Studio album by Manga
- Released: 15 April 2009
- Genre: Nu metal; rap rock; electronic rock; progressive rock;
- Label: Sony

Manga chronology
| Manga (2004) | Şehr-i Hüzün (2009) | e-akustik (2012) |

= Şehr-i Hüzün =

Şehr-i Hüzün (English: City of Sorrows) is the second album by Turkish rock band Manga. It was released by Sony BMG in April 2009.

The second video clip of the album was for the track "Leave Me With Me" on 27 July 2009. The third video clip was for "Cevapsız Sorular" on 16 November 2009.

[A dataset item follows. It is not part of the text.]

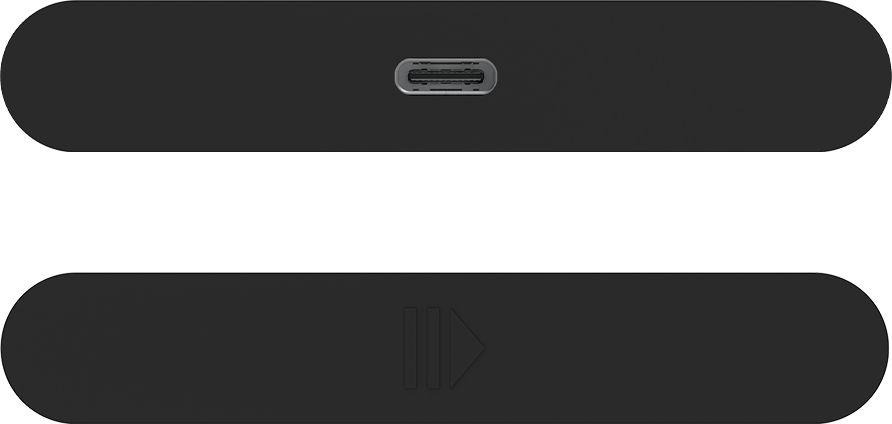 Disk Krux SSD USB-C, alumin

A documentary, which tells the story of the band from its foundation to Şehr-i Hüzün, was included as the second disc in the first pressing of the album. The documentary is 150 minutes long and was directed and produced by Ferman Akgül. There is another edition of the album that does not include the documentary DVD and consists only of the CD.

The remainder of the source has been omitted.